- Work item: Could you write out the line containing "Lucas Square Patterned" and all the lines below it in the data, exactly, through the final one and nothing else?

(Information supplied Opens)

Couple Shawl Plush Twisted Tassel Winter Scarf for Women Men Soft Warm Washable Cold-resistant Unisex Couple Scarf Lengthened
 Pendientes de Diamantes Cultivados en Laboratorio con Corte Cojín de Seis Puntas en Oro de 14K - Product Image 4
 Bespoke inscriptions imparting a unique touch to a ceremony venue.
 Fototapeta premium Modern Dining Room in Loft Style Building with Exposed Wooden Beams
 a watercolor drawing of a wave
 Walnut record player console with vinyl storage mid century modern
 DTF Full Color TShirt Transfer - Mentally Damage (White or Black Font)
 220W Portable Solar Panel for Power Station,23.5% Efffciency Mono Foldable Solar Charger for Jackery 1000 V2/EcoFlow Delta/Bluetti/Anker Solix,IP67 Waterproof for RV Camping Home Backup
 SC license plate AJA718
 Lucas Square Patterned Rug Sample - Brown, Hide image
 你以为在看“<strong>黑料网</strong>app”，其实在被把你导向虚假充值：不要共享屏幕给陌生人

(Information supplied Closes)

- Output of the task:
 Lucas Square Patterned Rug Sample - Brown, Hide image
 你以为在看“<strong>黑料网</strong>app”，其实在被把你导向虚假充值：不要共享屏幕给陌生人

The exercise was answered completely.